ACTIVITY -
Within the listing below, how many lines hold the string "image"? Only the number is wanted.

----------------------------------------

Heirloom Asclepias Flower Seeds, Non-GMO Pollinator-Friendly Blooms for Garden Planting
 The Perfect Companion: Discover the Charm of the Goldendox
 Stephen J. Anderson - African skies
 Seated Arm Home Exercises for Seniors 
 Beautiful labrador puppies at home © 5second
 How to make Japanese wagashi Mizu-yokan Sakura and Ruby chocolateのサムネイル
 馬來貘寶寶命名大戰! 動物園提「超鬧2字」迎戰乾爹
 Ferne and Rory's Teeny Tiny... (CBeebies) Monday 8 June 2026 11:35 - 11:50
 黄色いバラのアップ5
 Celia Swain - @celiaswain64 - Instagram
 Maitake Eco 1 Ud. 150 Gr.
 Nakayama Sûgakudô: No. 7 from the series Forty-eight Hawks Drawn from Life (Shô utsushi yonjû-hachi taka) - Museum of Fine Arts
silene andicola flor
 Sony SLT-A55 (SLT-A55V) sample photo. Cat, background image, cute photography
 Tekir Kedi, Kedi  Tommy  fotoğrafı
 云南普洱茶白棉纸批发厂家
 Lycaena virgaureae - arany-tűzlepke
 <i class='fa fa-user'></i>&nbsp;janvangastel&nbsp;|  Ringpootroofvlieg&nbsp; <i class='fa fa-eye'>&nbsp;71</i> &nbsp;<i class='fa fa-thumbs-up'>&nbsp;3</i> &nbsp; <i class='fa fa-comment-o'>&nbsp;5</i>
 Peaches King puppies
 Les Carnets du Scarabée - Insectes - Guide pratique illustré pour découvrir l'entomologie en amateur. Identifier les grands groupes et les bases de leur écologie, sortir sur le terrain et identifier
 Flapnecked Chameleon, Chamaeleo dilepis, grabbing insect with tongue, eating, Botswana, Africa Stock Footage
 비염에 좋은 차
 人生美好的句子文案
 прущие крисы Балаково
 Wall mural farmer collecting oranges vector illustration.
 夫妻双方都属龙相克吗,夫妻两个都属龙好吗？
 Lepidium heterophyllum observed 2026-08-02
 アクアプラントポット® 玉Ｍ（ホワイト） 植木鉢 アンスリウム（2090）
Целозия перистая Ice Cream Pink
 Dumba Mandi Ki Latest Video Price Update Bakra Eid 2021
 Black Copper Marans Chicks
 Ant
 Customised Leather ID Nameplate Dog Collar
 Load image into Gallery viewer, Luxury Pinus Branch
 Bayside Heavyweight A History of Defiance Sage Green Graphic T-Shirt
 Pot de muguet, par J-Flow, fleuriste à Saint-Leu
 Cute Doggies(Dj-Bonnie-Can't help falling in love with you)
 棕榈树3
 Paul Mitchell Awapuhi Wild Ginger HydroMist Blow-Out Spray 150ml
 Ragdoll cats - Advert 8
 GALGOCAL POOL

----------------------------------------

YOUR RESPONSE -
2